Still, it does have Matthew McConaughey with a pot belly and Johnny Depp’s Black Mass baldy wig chomping up the screen as down-on-his-luck prospector Kenny Wells. Once the golden boy of the small-time but solvent family Washoe Mining Corporation, he lost everything in just seven short years. By 1988, he’s working out of a local bar with his few remaining loyal sidekicks. So Kenny decides to risk the little he has left, together with whatever he can scrape together from gullible investors, on one last, desperate roll of the dice. Old chum geologist Michael Acosta (Edgar Ramírez) once made a huge copper find in Indonesia and theorised that there was an even larger fortune in gold to be found somewhere in the inhospitable jungle. Sure enough, after suffering plenty of hardship and setbacks, the duo hit the mother lode. Now all those Wall Street slickers who treated Kenny like a joke have to eat shit as they scramble for a slice of the biggest find of the century.
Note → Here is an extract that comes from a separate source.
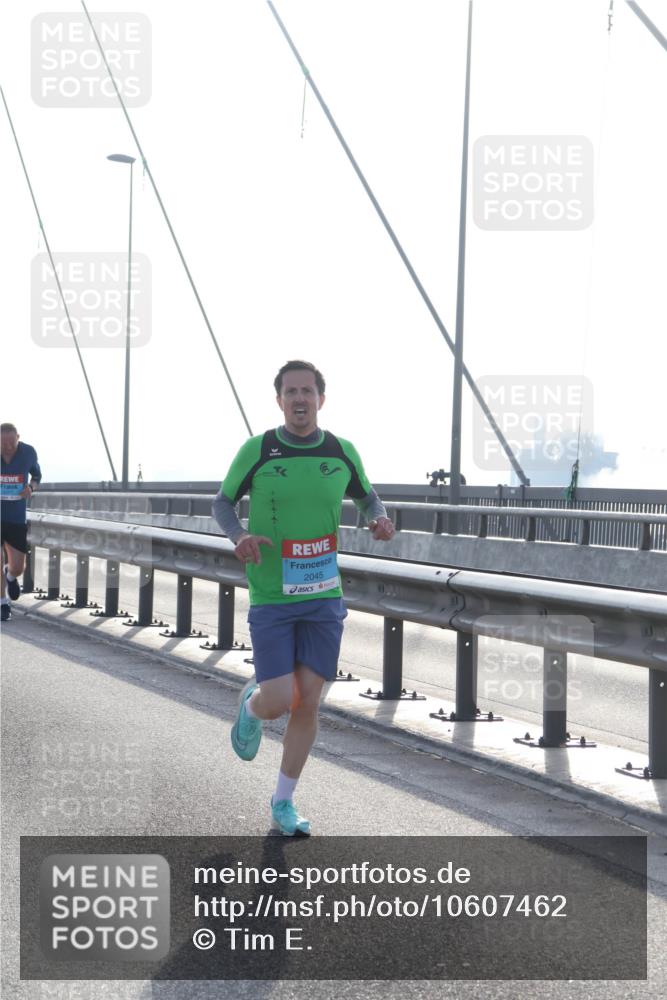 03.10.2026 - Köhlbrandbrückenlauf Tim E. http://msf.ph/oto/10607462 03.10.2026 09:20:15 Position 1 2045 meine-sportfotos.de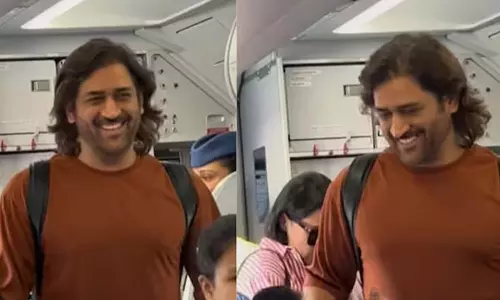 விமான பயணிகளை கவர்ந்த டோனி- வீடியோ வைரல்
Clearly, there’s more to the story than this or it would all be rather dull. A framing device has Kenny being interviewed, initially in voiceover, and we eventually learn the circumstances of this encounter. McConaughey certainly has great fun as the chain-smoking, whisky-guzzling, cocky and garrulous anti-hero, taking every opportunity to expose the ample Method Belly that flops over his Y-fronts. There’s also much knockabout fun had at the expense of Wall Street insiders’ privately expressed disdain for this vulgar interloper and his frightful nouveau riche wife (Bryce Dallas Howard). “It’s like a drunk raccoon got hold of the Hope Diamond,” sniffs Corey Stoll’s devious investment banker.
As a parable about greed, however, Gold is rather less successful, pulling its punches when it could go for the jugular. Instead, plot mechanics eventually yield a lightly foreshadowed twist, though this is more through underchracterisation than misdirection. Indeed, one key player is something of an enigma whose motives remain unclear throughout. The final payoff is also a cheap shot that’s clearly intended to raise a smirk, but doesn’t bear any real scrutiny. That said, we do learn some interesting stuff about the prospecting industry. Who knew that there was a Prospector of the Year award that takes the form of a Golden Pickaxe? Or that there’s a magazine entitled Gold Digger? One can’t help wondering how many ambitious ladies have picked up a copy, only to find that it was not what they expected.